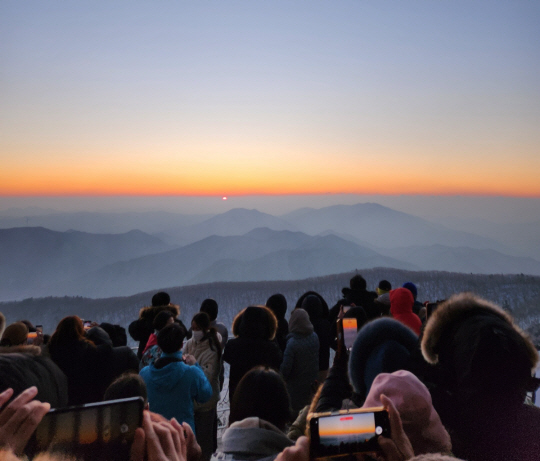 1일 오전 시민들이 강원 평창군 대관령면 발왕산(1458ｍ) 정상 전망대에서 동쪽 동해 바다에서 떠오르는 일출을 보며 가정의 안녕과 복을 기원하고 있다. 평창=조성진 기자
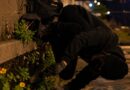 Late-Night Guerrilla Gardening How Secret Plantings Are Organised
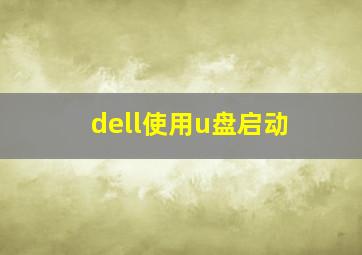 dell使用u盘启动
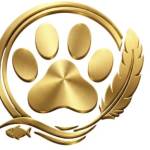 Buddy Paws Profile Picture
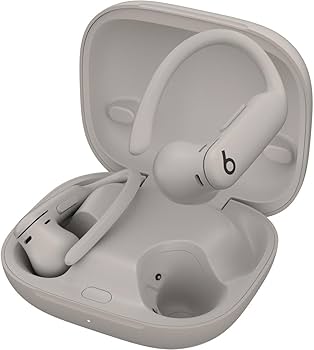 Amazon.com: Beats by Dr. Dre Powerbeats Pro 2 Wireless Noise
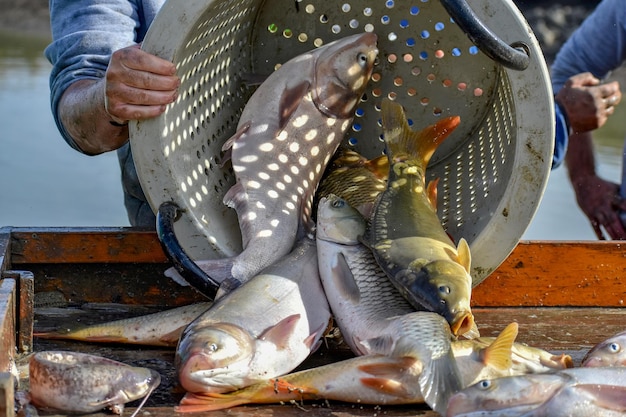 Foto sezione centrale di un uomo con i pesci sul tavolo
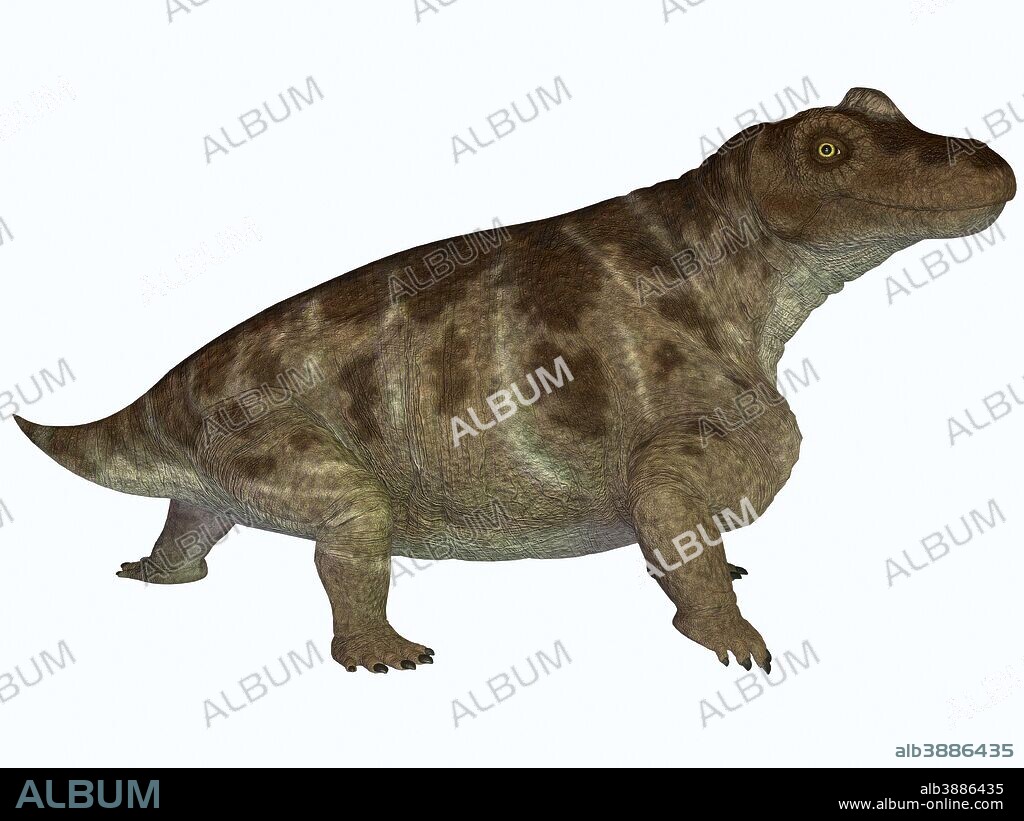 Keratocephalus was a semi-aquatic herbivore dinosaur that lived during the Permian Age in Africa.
──────────
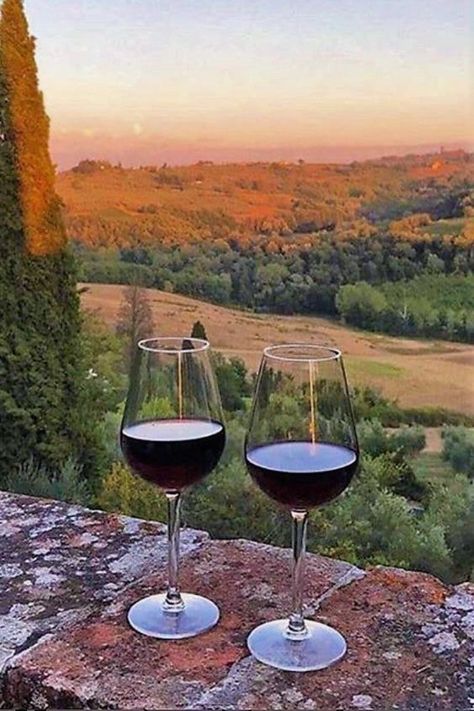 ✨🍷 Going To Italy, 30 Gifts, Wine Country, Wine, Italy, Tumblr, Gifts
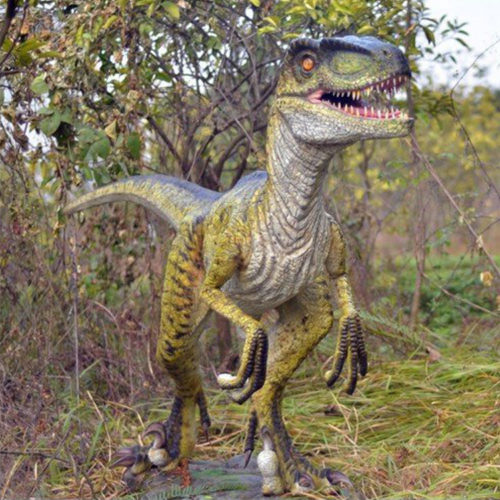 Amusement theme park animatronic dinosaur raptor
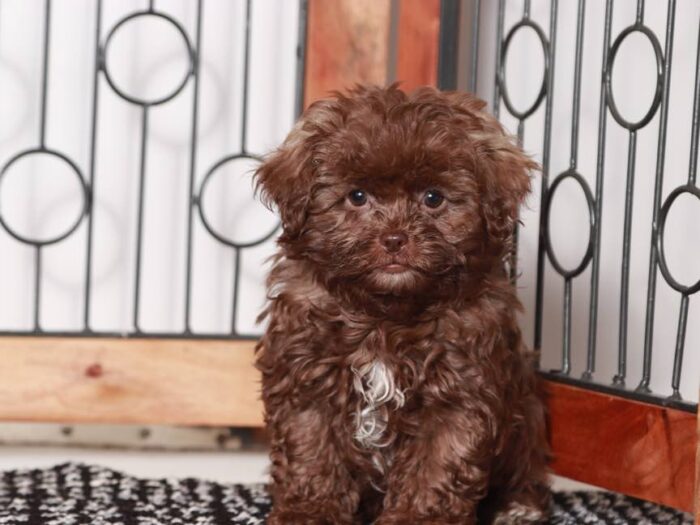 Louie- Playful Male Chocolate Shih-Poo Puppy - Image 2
──────────
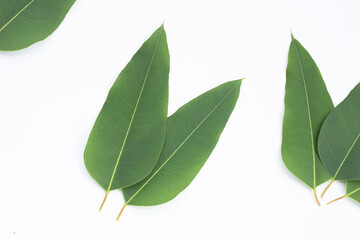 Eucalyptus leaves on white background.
──────────
## [TASK]
For the entries above, print exactly the lines between the one with "Buddy Paws Profile Picture" and the one with "Keratocephalus was a", inclusive, with no pictures.

## [FINAL ANSWER]
 Buddy Paws Profile Picture
 Amazon.com: Beats by Dr. Dre Powerbeats Pro 2 Wireless Noise
 Foto sezione centrale di un uomo con i pesci sul tavolo
 Keratocephalus was a semi-aquatic herbivore dinosaur that lived during the Permian Age in Africa.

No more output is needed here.